Validation Study to Determine the Accuracy of Widespread Promoterless EGFP Reporter at Assessing CRISPR/Cas9-Mediated Homology Directed Repair

Wanqing Xu  1 Qingxia Zuo  1 Dongyan Feng  1 Changsheng He  1 Cailing Lin  1 Dongchao Huang  1 Yanbin Wan  1 Feng Chen  1 Guosheng Mo  1 Qi Sun  1 Hongli Du  1 Lizhen Huang  1
Affiliations

Validation Study to Determine the Accuracy of Widespread Promoterless EGFP Reporter at Assessing CRISPR/Cas9-Mediated Homology Directed Repair

Wanqing Xu et al. Curr Issues Mol Biol. .

Abstract

An accurate visual reporter system to assess homology-directed repair (HDR) is a key prerequisite for evaluating the efficiency of Cas9-mediated precise gene editing. Herein, we tested the utility of the widespread promoterless EGFP reporter to assess the efficiency of CRISPR/Cas9-mediated homologous recombination by fluorescence expression. We firstly established a promoterless EGFP reporter donor targeting the porcine GAPDH locus to study CRISPR/Cas9-mediated homologous recombination in porcine cells. Curiously, EGFP was expressed at unexpectedly high levels from the promoterless donor in porcine cells, with or without Cas9/sgRNA. Even higher EGFP expression was detected in human cells and those of other species when the porcine donor was transfected alone.
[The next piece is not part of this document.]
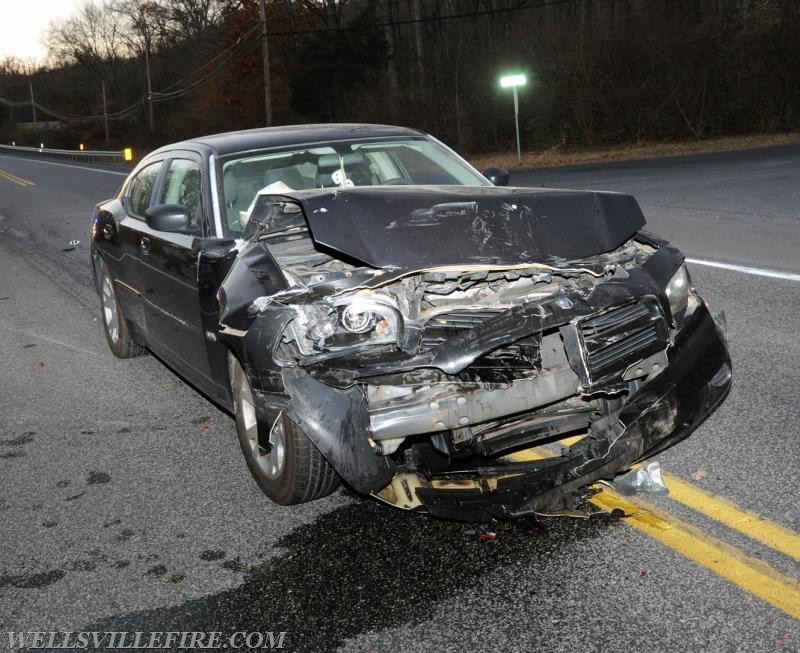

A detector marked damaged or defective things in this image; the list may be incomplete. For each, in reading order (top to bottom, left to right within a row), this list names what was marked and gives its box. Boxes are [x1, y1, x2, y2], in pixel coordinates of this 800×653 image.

crushed front end [217, 187, 732, 520]
broken headlight [664, 264, 692, 316]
Therefore, EGFP could be expressed at certain level in various cells transfected with the promoterless EGFP reporter alone, making it a low-resolution reporter for measuring Cas9-mediated HDR events. In summary, the widespread promoterless EGFP reporter could not be an ideal measurement for HDR screening and there is an urgent need to develop a more reliable, high-resolution HDR screening system to better explore strategies of increasing the efficiency of Cas9-mediated HDR in mammalian cells.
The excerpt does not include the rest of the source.